First Similarity: Both have irreducible facts about categorical reasons.

Both moral and epistemic realism are structurally similar in that they both endorse at least four similar features. These features can be combined to say that the truth of both moral and epistemic realism would make it possible for us to make true claims about irreducible facts involving categorical reasons. Both moral and epistemic realism endorse the four following similar features:

Moral Realism

  1. The moral realist’s speech act thesis: Some moral discourse is assertoric (21).6 (Some moral sentences attempt to represent a moral fact.)
  2. The moral realist’s alethic thesis: The contents of some predicative moral claims are true and, if the contents of such claims are true, then they are true in the realist sense (26).7 (Some moral sentences are true and they represent facts).
  3. The moral realist’s ontic thesis: There are irreducible moral facts (29).8 (Some moral facts are more than the sum of their parts. Moral facts can’t be fully described or understood in non-moral terms.)
  4. There are categorical moral reasons. (Moral statements can be prescriptive [reasons for actions] and authoritative [override other reasons for actions]) (36).

Cuneo argues for moral realism of a “paradigmatic sort.” His definition of moral realism is focused requires the idea that morality is rational in an irreducible sense:

In both of these respects, what I cam calling ‘moral realism of a paradigmatic sort’ differs markedly from other types of views that are called realist, but deny that moral reasons are authoritative in the sense just specified. For example, common to many so-called naturalist versions of moral realism is the claim that moral facts exist in a fairly ‘objective’ sense. Moral facts according to these views, are not the product of social convention or of our being disposed to react to the non-moral world in certain ways. Nonetheless, these philosophers maintain that moral facts generate reasons for agents to act as they direct only if acting in this way is conducive to satisfying desires those agents possess, such as living a long and flourishing life. While there may be perfectly respectable sense in which views such as this deserve to be called ‘realist’, they are not paradigmatic realist views as I use this phrase. For these views deny the categoricity of moral reasons. (39)

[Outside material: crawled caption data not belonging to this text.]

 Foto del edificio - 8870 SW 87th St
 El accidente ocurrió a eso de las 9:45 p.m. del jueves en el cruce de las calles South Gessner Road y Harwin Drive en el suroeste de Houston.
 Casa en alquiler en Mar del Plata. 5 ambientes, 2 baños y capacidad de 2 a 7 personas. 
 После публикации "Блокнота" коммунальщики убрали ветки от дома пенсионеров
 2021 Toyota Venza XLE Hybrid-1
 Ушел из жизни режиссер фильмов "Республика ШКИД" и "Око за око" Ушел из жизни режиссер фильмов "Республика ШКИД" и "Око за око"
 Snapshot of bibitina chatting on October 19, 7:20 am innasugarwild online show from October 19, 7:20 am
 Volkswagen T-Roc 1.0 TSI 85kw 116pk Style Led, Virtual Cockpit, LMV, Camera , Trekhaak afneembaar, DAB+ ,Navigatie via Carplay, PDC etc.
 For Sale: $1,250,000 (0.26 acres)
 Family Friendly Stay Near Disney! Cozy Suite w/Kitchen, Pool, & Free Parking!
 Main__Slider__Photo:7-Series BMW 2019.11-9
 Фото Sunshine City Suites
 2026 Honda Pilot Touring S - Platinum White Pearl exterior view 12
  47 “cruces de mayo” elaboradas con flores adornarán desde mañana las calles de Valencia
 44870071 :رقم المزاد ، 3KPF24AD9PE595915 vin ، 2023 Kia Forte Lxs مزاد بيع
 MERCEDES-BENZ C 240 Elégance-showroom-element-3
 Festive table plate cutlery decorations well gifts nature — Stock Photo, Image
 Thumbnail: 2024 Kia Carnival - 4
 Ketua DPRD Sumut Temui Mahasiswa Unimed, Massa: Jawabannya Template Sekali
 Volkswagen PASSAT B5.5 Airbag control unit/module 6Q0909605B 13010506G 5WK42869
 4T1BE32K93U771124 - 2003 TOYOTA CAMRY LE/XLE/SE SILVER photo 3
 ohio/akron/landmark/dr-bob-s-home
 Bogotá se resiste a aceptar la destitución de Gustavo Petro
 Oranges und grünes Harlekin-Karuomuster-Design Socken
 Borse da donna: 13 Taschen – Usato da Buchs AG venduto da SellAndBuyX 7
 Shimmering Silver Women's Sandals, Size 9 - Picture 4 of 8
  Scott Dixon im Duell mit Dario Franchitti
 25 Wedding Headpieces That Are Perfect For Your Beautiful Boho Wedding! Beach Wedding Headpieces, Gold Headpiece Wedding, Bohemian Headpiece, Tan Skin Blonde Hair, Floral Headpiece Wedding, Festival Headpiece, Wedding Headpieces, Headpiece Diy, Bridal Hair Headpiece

I believe that the main reason that Cuneo wants paradigmatic moral realism to require categorical reasons is because he believes (a) common sense everyday moral experience confirms the existence of categorical reasons and (b) one main reason to endorse moral realism in the first place is to preserve common sense everyday moral experiences. Consider that Cuneo states the following:

Definitive of moral realism of a paradigmatic sort is the thesis that there is a commonsensical conception of moral facts, fundamental to which are platitudes that concern the content and authority of such facts.9 Moral facts irreducibly exist just in case such facts exist that satisfy the content and authority platitudes fundamental to our commonsensical conception of moral facts. They cannot be reduced to the sorts of fact that lack these characteristics. (39)

Epistemic Realism

  1. The epistemic realist’s speech act thesis: Some epistemic discourse is assertoric (53). (Claims about rationality, justification, and knowledge attempt to represent epistemic facts.)
  2. The epistemic realist’s alethic thesis: the contents of some predicative epistemic claims are true and, if the contents of such claims are true, then they are true in the realist sense (55). (Some claims about rationality, justification, and knowledge are true and they successfully represent epistemic facts.)
  3. The epistemic realist’s ontic thesis: There are irreducible epistemic facts (55). (Facts about rationality, justification, and knowledge are more than the sum of their parts. Such facts can’t be fully understood or described in non-epistemic terms.)
  4. There are categorical epistemic reasons. (Epistemic facts can be prescriptive [reasons for beliefs] and authoritative [override other reasons for beliefs]) (58-59).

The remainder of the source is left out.